**ACTIVITY**. After locating the line with "广州盒马鲜生超市招聘临时工，日结算工资（必须持有有效健康证）", repeat it and every following line to the end of the listing, exactly. Omit the pictures.

**DATA SEGMENT**.
****************************************

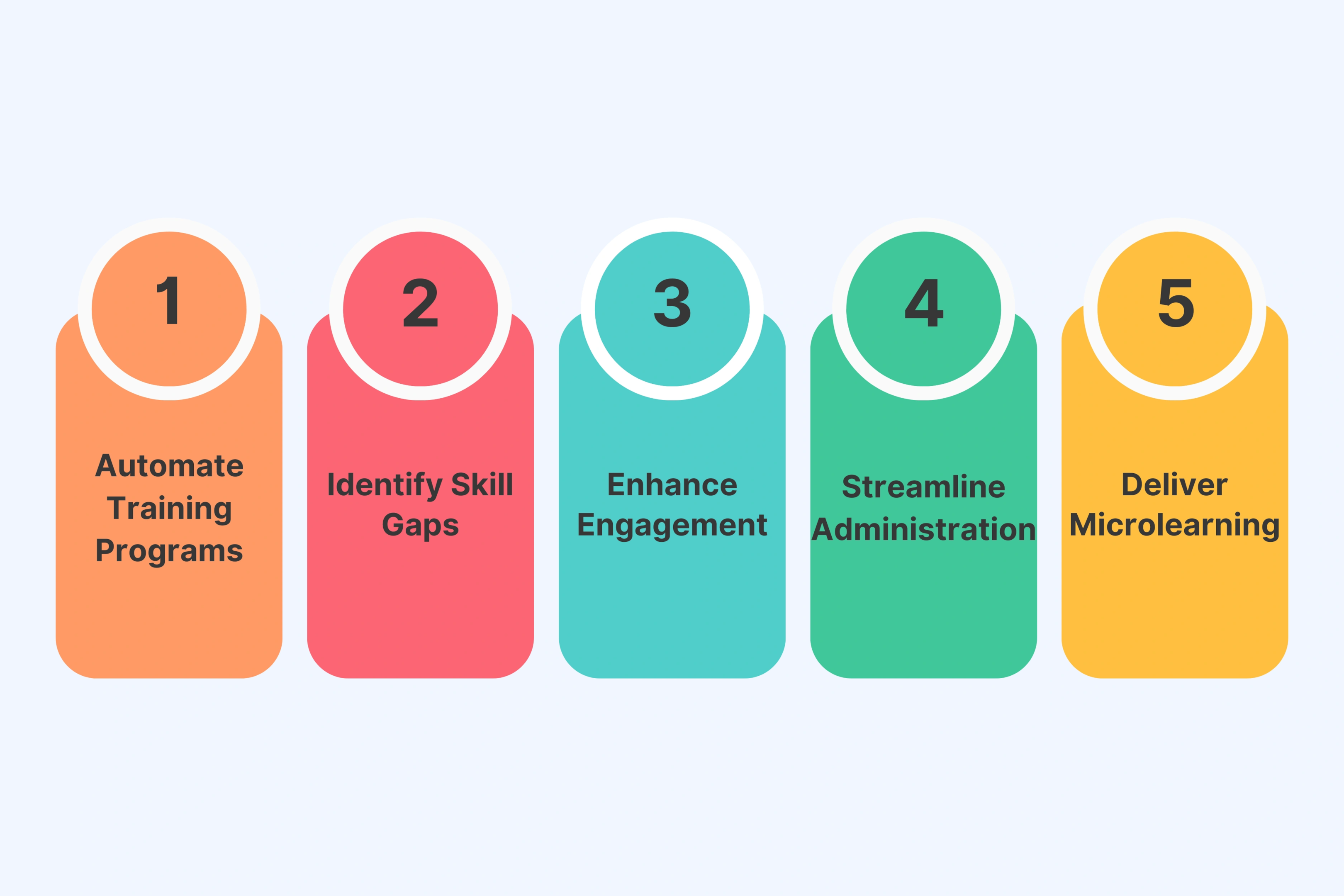 How Can You Build Employee Training and Development Programs Using AI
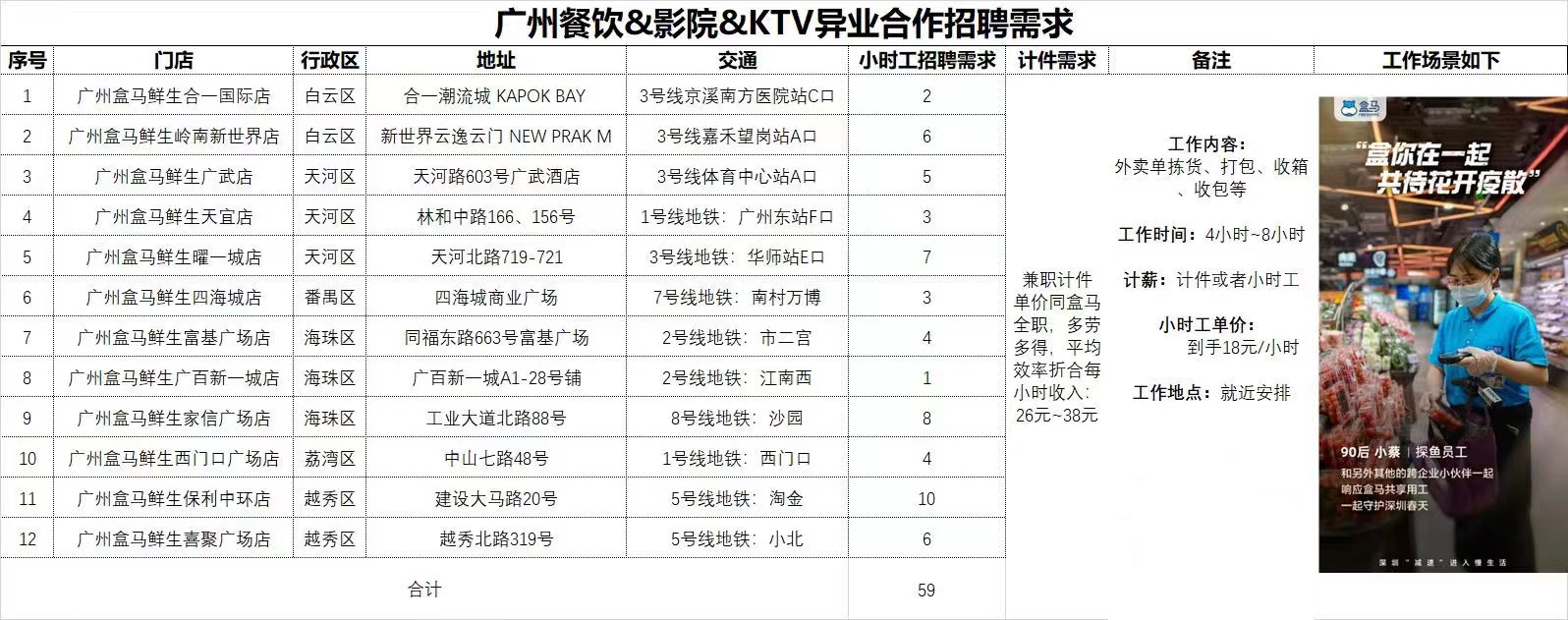 广州盒马鲜生超市招聘临时工，日结算工资（必须持有有效健康证）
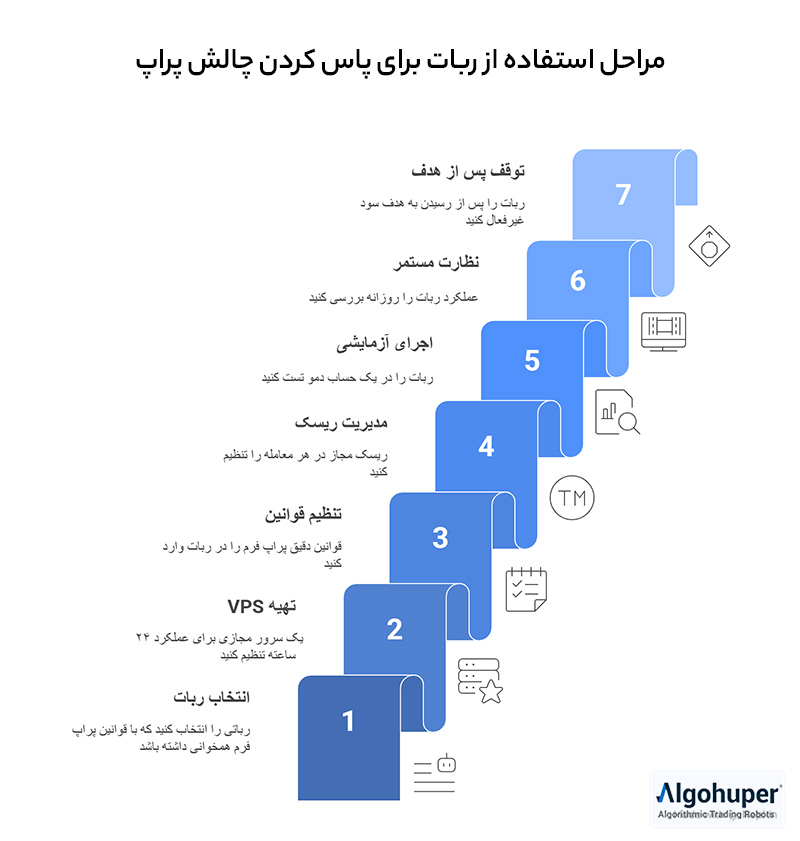 مراحل استفاده از ربات برای پاس کردن چالش پراپ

****************************************

**SOLUTION TO THE PROBLEM**.
 广州盒马鲜生超市招聘临时工，日结算工资（必须持有有效健康证）
 مراحل استفاده از ربات برای پاس کردن چالش پراپ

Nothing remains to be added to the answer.